Автора нужно поблагодарить в особенности за то, что, указывая лучшие стороны языческого общества, которые приближают его к христианству, он не оставляет читателя в раздумье, а всегда путем критики объясняет, чего недоставало язычеству в сравнении с христианством, и дает знать, что это недостающее могло восполнить только христианство.

Помимо главного вопроса, которому посвящена книга и о котором мы доныне говорили, сочинение Буасье дает много превосходных сведений для разъяснения многих других сторон в богословской науке. Но об этом мы вынуждены сказать очень кратко. В церковно-историческом отношении оно сообщает большое число самых свежих фактов для определения причин гонений на христиан со стороны римского государства. Так, в нем всесторонне исследуется такое явление, как апофеоз императоров, из-за которого так много пролито христианской крови. Сочинение дает также материалы для разъяснения условий распространения христианства, как общества на римской территории (см. в особенности главу «О похоронных коллегиях в Риме»). Новейшему апологету христианства книга дает хорошее пособие в борьбе с рационалистическими воззрениями на происхождение христианства. Она дает также немало ценного материала для исторического понимания римского католицизма (например, в учении об индульгенциях, чистилище, безбрачии духовенства). Наконец, историк христианского богослужения и историк-догматист встретят у Буасье заметки, полезные для уяснения обрядовой стороны христианского культа и народных религиозных представлений.

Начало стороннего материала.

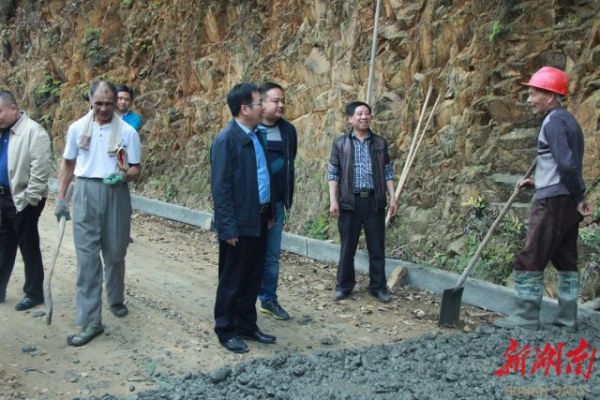 待到山花烂漫时革命英烈,待到山花烂漫时乡村振兴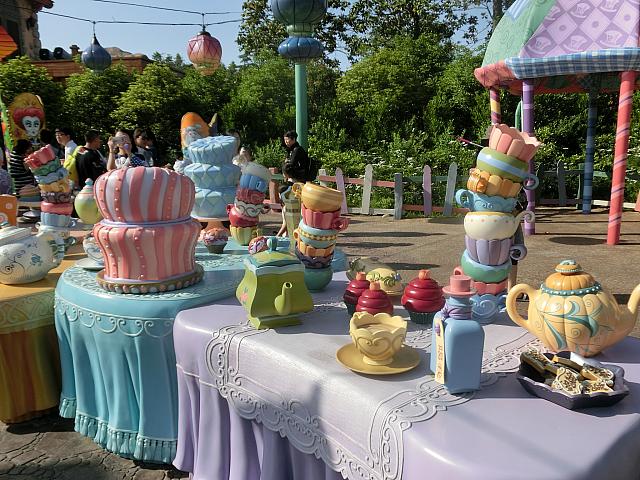 ゴールにお茶会のテーブルが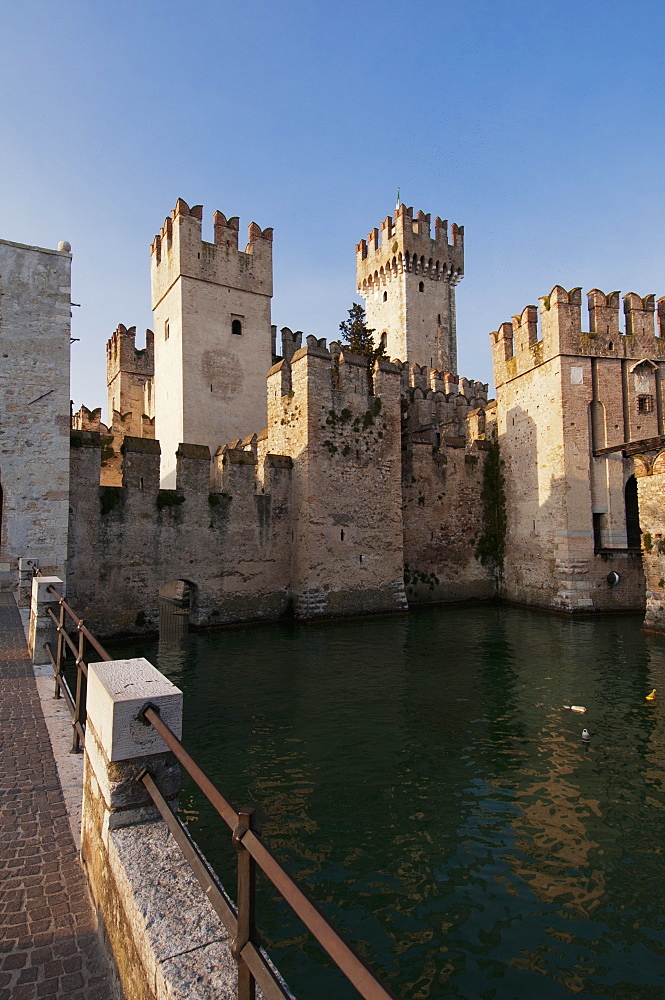 Castello Scaligero, Sirmione, Lago di Garda (Lake Garda), Lombardy, Italy, Europe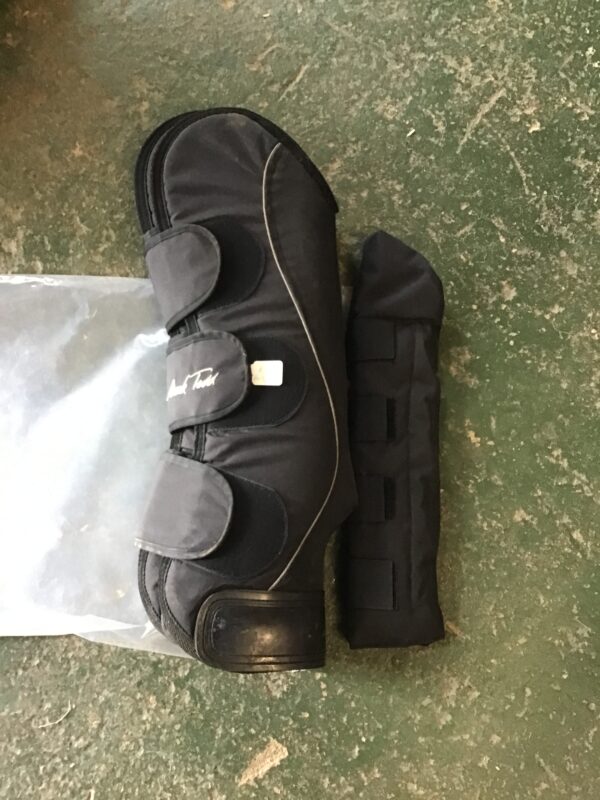 Mark Todd travel boots front full
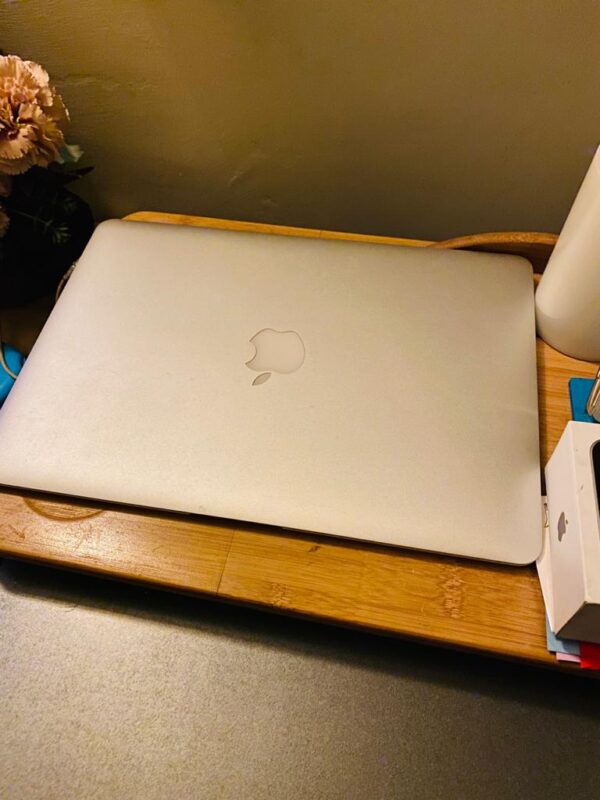 Apple Macbook Air - Image 2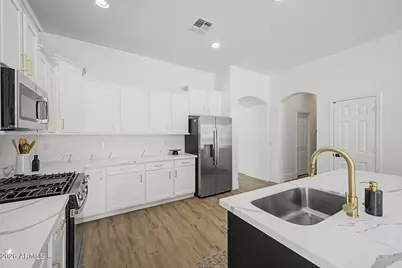 10709 E Knowles Avenue, Mesa, AZ 85209 - Photo 12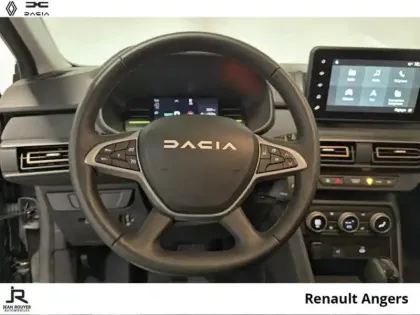 Photo 11 Dacia Jogger  1.6 hybrid 140ch Extreme 7 places -24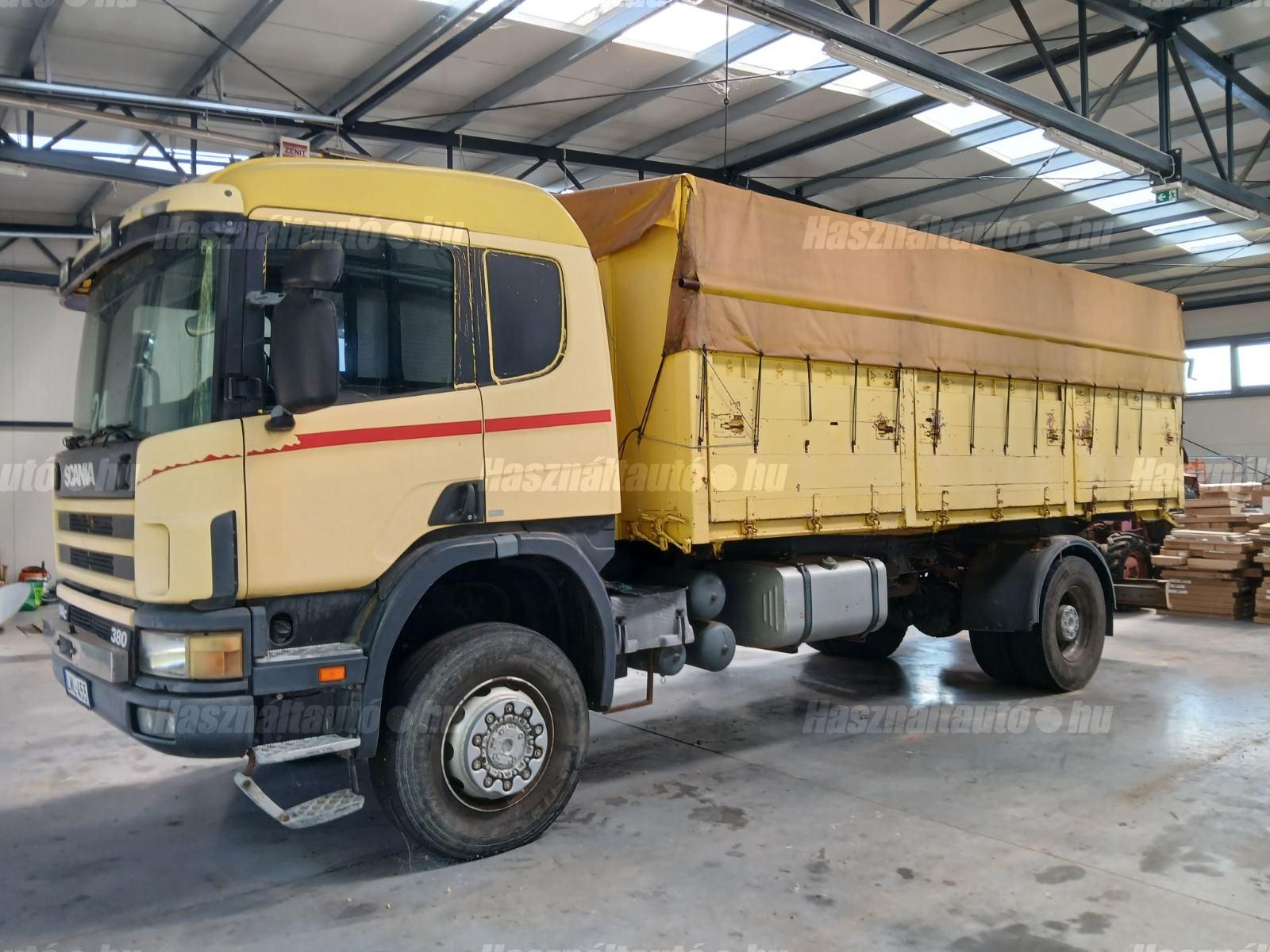 SCANIA 2001 - 1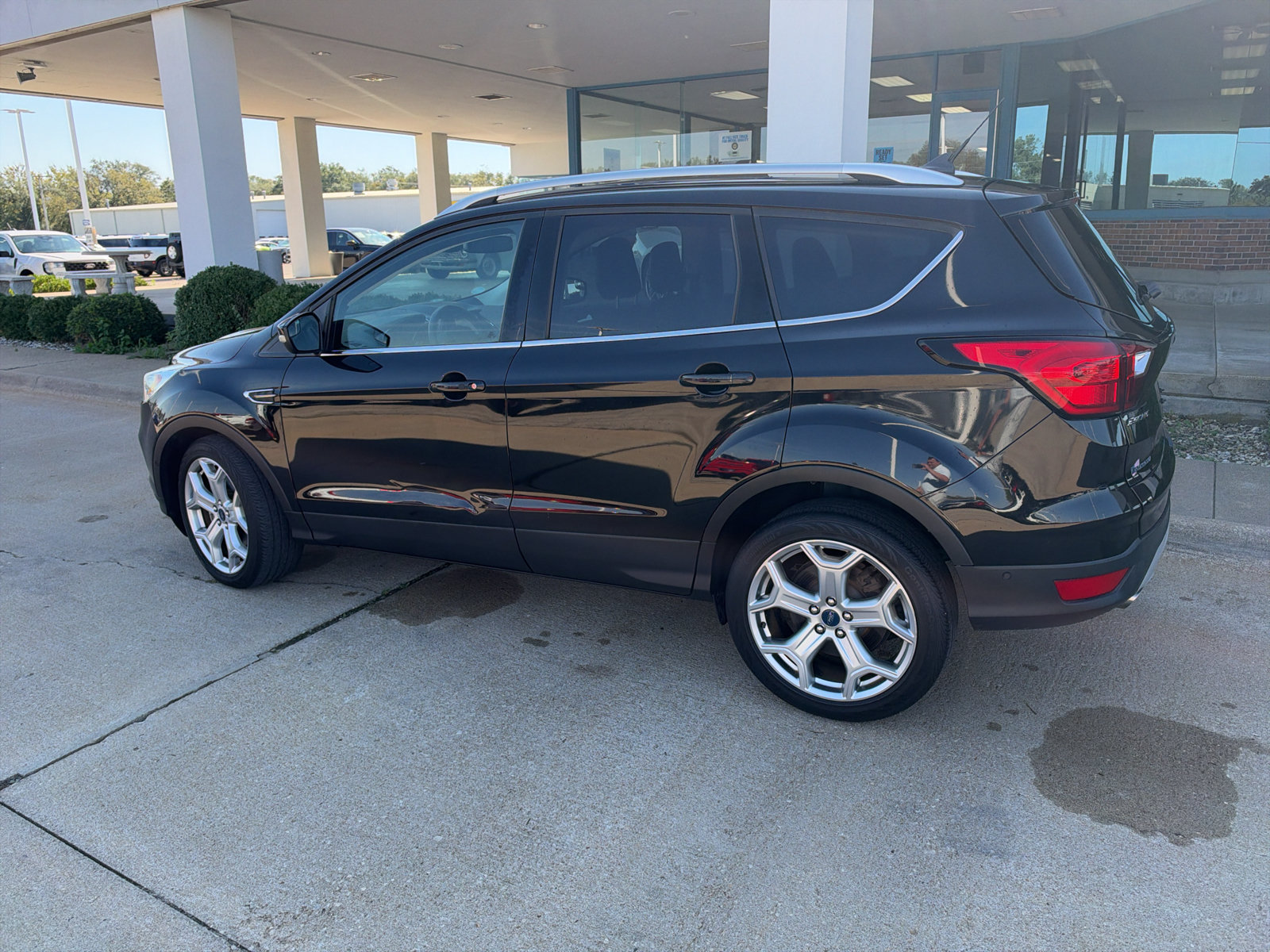 Used 2019 Ford Escape Titanium FWD image 9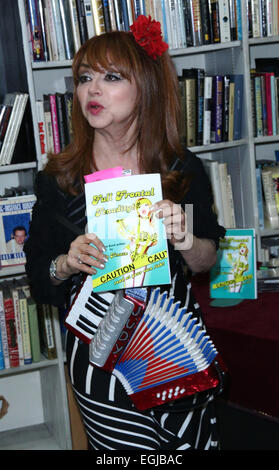 Judy Tenuta unterschreibt Exemplare ihres neuen Buches "Full Frontal Tenudity' bei Larry Edmunds Buchhandlung Featuring: Judy Tenuta Where: Los Angeles, California, Vereinigte Staaten von Amerika bei: 20. August 2014 Stockfoto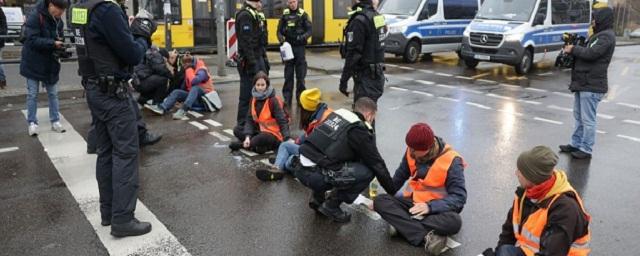 Полиция Германии проводит спецоперацию против правых экстремистов, готовивших госпереворот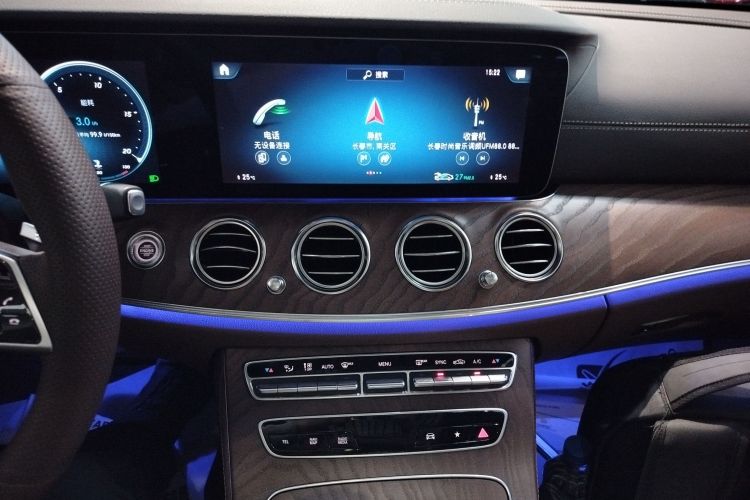 奔驰E级 2022款 改款 E 300 L 豪华型中控内饰16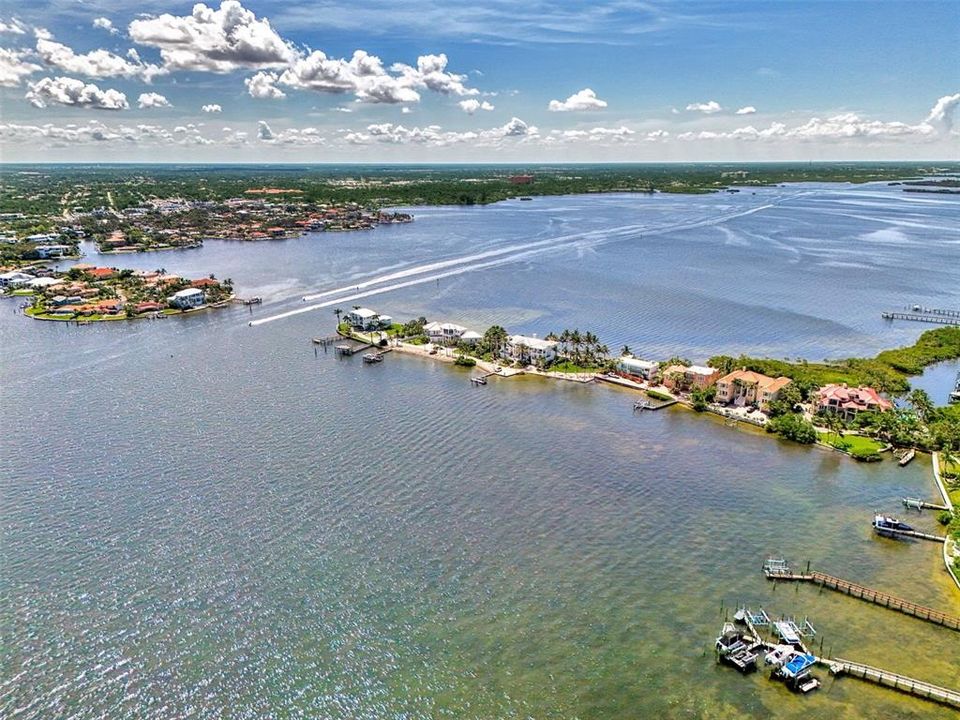 Под контрактом: $1,850,000 (3 спален, 2 ванн, 2522 Квадратных фут)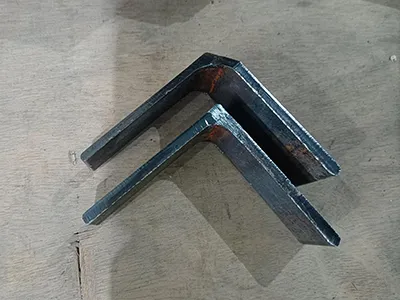 Волоконно-лазерная режущая головка для резки под углом (с автофокусировкой, одноподвесная система, прямой угол), 20 кВт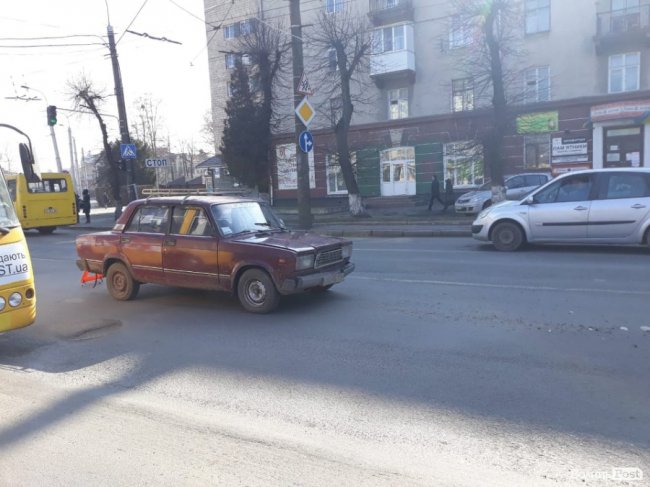 У Луцьку на Ковельській ВАЗ «поцілував» буса. ФОТО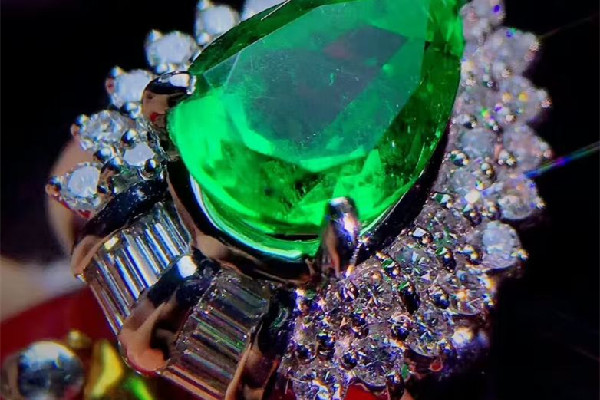 祖母綠買(mǎi)蛋面還是刻面好 祖母綠什么形狀最好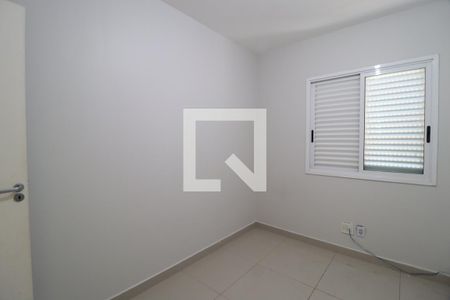Quarto 1 de apartamento para alugar com 4 quartos, 106m² em Saraiva, Uberlândia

Относясь с полным уважением к труду французского ученого, мы однако же не со всеми его суждениями согласны, когда дело касается христианства, христианского учения и церковно-исторических явлений. Так, в одном месте своего сочинения (С. 373) он замечает, что христианство возникло из маздаизма. Если это не простая неопределенность, то на основании этого замечания можно сомневаться, чтобы автор имел верные и правильные представления о сверхъестественном происхождении христианства. Мы не думаем также соглашаться с автором, что отцы Церкви учение о демонах заимствуют из языческих писателей, например из Апулея, с тем различием, по автору, что добрые демоны язычников у отцев Церкви превращаются в злых (С. 443). Нужно ли указывать такой источник для происхождения святоотеческого учения о демонах, когда в Св. Писании Ветхого и в особенности Нового Завета так много и ясно говорится относительно учения о злых духах? Автор проводит параллель между краткосрочным стоянием сирийских жрецов на столпе (phallus!) и историей Симеона Столпника (С. 289). Мы расходимся с автором в настоящем случае: что значит сходство формы, если идея явления бесконечно различна в язычестве и христианстве? Слишком поспешными и неосновательными должны мы признать и объяснения, какие дает Буасье относительно причин, вызвавших появление в Церкви IV в. подложной переписки ап. Павла с Сенекой и легенды об обращении Сенеки в христианство. Автор думает, что Церковь изобрела все это для того, чтобы возвысить свое достоинство: так как христианство в IV в. взошло на трон самих цезарей, и так как оно, к сожалению, не могло указать ни на одно блистательное языческое имя, которое бы украшало страницы прошедшей истории христианства, то будто оно и создало легенду об обращении в Церковь знаменитого Сенеки (С. 366–368), чтобы возвысить себя я глазах современного языческого общества. Рассуждать так, не значит ли обличать Церковь в странной суетности? Корень явления нужно искать глубже. Оно возникло из желания христиан, одушевлявшего Церковь еще во времена апологетов II в., объяснить себе непонятный факт: почему у языческих писателей, в особенности у Сенеки, встречается в сочинениях так много идей, родственных с христианскими.